**Problem details**
Output each entry in full so that the result matches the data exactly.

= = =

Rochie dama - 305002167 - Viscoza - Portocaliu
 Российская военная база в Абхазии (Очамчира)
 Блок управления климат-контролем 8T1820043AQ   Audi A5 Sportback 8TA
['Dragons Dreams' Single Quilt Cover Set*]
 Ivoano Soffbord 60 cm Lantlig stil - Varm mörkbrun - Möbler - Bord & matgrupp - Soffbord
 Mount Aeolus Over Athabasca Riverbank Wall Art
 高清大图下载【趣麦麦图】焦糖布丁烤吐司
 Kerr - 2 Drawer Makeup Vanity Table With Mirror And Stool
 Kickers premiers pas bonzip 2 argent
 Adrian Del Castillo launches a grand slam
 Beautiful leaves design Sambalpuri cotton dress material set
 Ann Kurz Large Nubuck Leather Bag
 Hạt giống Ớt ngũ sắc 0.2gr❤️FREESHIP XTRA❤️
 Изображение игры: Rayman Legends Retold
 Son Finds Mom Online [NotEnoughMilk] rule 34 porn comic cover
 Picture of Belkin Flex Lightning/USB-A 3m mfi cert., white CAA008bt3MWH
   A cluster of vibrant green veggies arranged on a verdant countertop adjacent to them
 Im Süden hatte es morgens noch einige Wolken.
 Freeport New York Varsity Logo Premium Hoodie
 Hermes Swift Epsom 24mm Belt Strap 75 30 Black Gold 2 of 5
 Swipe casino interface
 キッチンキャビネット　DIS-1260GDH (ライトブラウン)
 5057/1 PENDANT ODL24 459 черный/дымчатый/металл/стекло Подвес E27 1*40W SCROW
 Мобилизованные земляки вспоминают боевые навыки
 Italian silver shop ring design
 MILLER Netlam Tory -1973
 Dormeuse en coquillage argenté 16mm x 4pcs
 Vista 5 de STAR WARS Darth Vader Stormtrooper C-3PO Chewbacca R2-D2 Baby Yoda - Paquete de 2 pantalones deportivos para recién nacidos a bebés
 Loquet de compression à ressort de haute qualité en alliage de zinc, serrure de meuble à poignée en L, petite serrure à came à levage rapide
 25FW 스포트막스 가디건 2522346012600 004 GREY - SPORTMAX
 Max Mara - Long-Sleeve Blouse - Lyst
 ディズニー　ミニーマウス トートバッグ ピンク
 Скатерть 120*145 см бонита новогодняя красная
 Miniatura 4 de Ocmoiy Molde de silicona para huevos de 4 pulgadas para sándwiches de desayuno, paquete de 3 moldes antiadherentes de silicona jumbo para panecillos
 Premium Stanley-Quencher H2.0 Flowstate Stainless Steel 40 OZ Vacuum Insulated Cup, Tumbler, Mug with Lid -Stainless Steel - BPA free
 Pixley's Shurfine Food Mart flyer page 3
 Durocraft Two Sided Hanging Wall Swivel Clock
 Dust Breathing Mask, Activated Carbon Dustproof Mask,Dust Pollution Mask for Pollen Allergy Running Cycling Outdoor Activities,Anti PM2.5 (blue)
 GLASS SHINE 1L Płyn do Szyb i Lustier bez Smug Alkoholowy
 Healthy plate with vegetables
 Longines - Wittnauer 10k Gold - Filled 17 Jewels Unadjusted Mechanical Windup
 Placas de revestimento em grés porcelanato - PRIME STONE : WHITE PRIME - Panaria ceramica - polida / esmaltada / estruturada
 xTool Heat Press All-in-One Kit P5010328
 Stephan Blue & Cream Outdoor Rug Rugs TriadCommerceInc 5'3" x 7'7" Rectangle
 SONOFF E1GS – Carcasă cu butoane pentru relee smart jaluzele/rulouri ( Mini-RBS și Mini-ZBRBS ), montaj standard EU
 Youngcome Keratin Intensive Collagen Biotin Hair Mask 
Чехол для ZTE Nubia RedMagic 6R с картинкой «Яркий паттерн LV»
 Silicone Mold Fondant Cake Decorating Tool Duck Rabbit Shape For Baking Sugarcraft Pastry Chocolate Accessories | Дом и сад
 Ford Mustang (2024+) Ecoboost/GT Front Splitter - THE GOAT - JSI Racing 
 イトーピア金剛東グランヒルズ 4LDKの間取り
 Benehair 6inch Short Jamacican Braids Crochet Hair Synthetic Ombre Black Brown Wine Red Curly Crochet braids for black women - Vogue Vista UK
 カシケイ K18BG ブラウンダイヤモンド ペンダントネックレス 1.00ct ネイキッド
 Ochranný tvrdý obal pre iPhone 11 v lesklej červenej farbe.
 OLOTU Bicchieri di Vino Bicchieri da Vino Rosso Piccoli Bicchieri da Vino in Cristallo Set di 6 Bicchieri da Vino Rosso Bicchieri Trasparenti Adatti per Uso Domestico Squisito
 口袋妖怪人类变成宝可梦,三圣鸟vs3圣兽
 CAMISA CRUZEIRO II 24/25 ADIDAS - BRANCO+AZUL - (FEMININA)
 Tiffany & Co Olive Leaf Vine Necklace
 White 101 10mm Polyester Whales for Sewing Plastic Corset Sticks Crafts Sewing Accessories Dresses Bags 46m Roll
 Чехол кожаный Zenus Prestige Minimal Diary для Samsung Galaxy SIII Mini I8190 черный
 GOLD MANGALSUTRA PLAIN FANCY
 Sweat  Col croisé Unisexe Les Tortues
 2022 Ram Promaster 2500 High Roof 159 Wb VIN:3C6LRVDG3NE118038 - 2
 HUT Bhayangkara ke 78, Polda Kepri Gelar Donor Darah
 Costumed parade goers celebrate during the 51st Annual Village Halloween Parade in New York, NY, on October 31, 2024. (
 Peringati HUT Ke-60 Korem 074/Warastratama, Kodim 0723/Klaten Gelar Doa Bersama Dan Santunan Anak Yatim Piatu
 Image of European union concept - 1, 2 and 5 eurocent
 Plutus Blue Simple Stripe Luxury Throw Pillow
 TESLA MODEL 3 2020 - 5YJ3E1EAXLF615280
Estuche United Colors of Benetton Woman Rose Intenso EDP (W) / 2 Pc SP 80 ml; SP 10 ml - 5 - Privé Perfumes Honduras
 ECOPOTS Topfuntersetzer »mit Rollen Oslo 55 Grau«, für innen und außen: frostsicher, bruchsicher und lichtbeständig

= = =

**Your solution**
Rochie dama - 305002167 - Viscoza - Portocaliu
 Российская военная база в Абхазии (Очамчира)
 Блок управления климат-контролем 8T1820043AQ   Audi A5 Sportback 8TA
['Dragons Dreams' Single Quilt Cover Set*]
 Ivoano Soffbord 60 cm Lantlig stil - Varm mörkbrun - Möbler - Bord & matgrupp - Soffbord
 Mount Aeolus Over Athabasca Riverbank Wall Art
 高清大图下载【趣麦麦图】焦糖布丁烤吐司
 Kerr - 2 Drawer Makeup Vanity Table With Mirror And Stool
 Kickers premiers pas bonzip 2 argent
 Adrian Del Castillo launches a grand slam
 Beautiful leaves design Sambalpuri cotton dress material set
 Ann Kurz Large Nubuck Leather Bag
 Hạt giống Ớt ngũ sắc 0.2gr❤️FREESHIP XTRA❤️
 Изображение игры: Rayman Legends Retold
 Son Finds Mom Online [NotEnoughMilk] rule 34 porn comic cover
 Picture of Belkin Flex Lightning/USB-A 3m mfi cert., white CAA008bt3MWH
   A cluster of vibrant green veggies arranged on a verdant countertop adjacent to them
 Im Süden hatte es morgens noch einige Wolken.
 Freeport New York Varsity Logo Premium Hoodie
 Hermes Swift Epsom 24mm Belt Strap 75 30 Black Gold 2 of 5
 Swipe casino interface
 キッチンキャビネット　DIS-1260GDH (ライトブラウン)
 5057/1 PENDANT ODL24 459 черный/дымчатый/металл/стекло Подвес E27 1*40W SCROW
 Мобилизованные земляки вспоминают боевые навыки
 Italian silver shop ring design
 MILLER Netlam Tory -1973
 Dormeuse en coquillage argenté 16mm x 4pcs
 Vista 5 de STAR WARS Darth Vader Stormtrooper C-3PO Chewbacca R2-D2 Baby Yoda - Paquete de 2 pantalones deportivos para recién nacidos a bebés
 Loquet de compression à ressort de haute qualité en alliage de zinc, serrure de meuble à poignée en L, petite serrure à came à levage rapide
 25FW 스포트막스 가디건 2522346012600 004 GREY - SPORTMAX
 Max Mara - Long-Sleeve Blouse - Lyst
 ディズニー　ミニーマウス トートバッグ ピンク
 Скатерть 120*145 см бонита новогодняя красная
 Miniatura 4 de Ocmoiy Molde de silicona para huevos de 4 pulgadas para sándwiches de desayuno, paquete de 3 moldes antiadherentes de silicona jumbo para panecillos
 Premium Stanley-Quencher H2.0 Flowstate Stainless Steel 40 OZ Vacuum Insulated Cup, Tumbler, Mug with Lid -Stainless Steel - BPA free
 Pixley's Shurfine Food Mart flyer page 3
 Durocraft Two Sided Hanging Wall Swivel Clock
 Dust Breathing Mask, Activated Carbon Dustproof Mask,Dust Pollution Mask for Pollen Allergy Running Cycling Outdoor Activities,Anti PM2.5 (blue)
 GLASS SHINE 1L Płyn do Szyb i Lustier bez Smug Alkoholowy
 Healthy plate with vegetables
 Longines - Wittnauer 10k Gold - Filled 17 Jewels Unadjusted Mechanical Windup
 Placas de revestimento em grés porcelanato - PRIME STONE : WHITE PRIME - Panaria ceramica - polida / esmaltada / estruturada
 xTool Heat Press All-in-One Kit P5010328
 Stephan Blue & Cream Outdoor Rug Rugs TriadCommerceInc 5'3" x 7'7" Rectangle
 SONOFF E1GS – Carcasă cu butoane pentru relee smart jaluzele/rulouri ( Mini-RBS și Mini-ZBRBS ), montaj standard EU
 Youngcome Keratin Intensive Collagen Biotin Hair Mask 
Чехол для ZTE Nubia RedMagic 6R с картинкой «Яркий паттерн LV»
 Silicone Mold Fondant Cake Decorating Tool Duck Rabbit Shape For Baking Sugarcraft Pastry Chocolate Accessories | Дом и сад
 Ford Mustang (2024+) Ecoboost/GT Front Splitter - THE GOAT - JSI Racing 
 イトーピア金剛東グランヒルズ 4LDKの間取り
 Benehair 6inch Short Jamacican Braids Crochet Hair Synthetic Ombre Black Brown Wine Red Curly Crochet braids for black women - Vogue Vista UK
 カシケイ K18BG ブラウンダイヤモンド ペンダントネックレス 1.00ct ネイキッド
 Ochranný tvrdý obal pre iPhone 11 v lesklej červenej farbe.
 OLOTU Bicchieri di Vino Bicchieri da Vino Rosso Piccoli Bicchieri da Vino in Cristallo Set di 6 Bicchieri da Vino Rosso Bicchieri Trasparenti Adatti per Uso Domestico Squisito
 口袋妖怪人类变成宝可梦,三圣鸟vs3圣兽
 CAMISA CRUZEIRO II 24/25 ADIDAS - BRANCO+AZUL - (FEMININA)
 Tiffany & Co Olive Leaf Vine Necklace
 White 101 10mm Polyester Whales for Sewing Plastic Corset Sticks Crafts Sewing Accessories Dresses Bags 46m Roll
 Чехол кожаный Zenus Prestige Minimal Diary для Samsung Galaxy SIII Mini I8190 черный
 GOLD MANGALSUTRA PLAIN FANCY
 Sweat  Col croisé Unisexe Les Tortues
 2022 Ram Promaster 2500 High Roof 159 Wb VIN:3C6LRVDG3NE118038 - 2
 HUT Bhayangkara ke 78, Polda Kepri Gelar Donor Darah
 Costumed parade goers celebrate during the 51st Annual Village Halloween Parade in New York, NY, on October 31, 2024. (
 Peringati HUT Ke-60 Korem 074/Warastratama, Kodim 0723/Klaten Gelar Doa Bersama Dan Santunan Anak Yatim Piatu
 Image of European union concept - 1, 2 and 5 eurocent
 Plutus Blue Simple Stripe Luxury Throw Pillow
 TESLA MODEL 3 2020 - 5YJ3E1EAXLF615280
Estuche United Colors of Benetton Woman Rose Intenso EDP (W) / 2 Pc SP 80 ml; SP 10 ml - 5 - Privé Perfumes Honduras
 ECOPOTS Topfuntersetzer »mit Rollen Oslo 55 Grau«, für innen und außen: frostsicher, bruchsicher und lichtbeständig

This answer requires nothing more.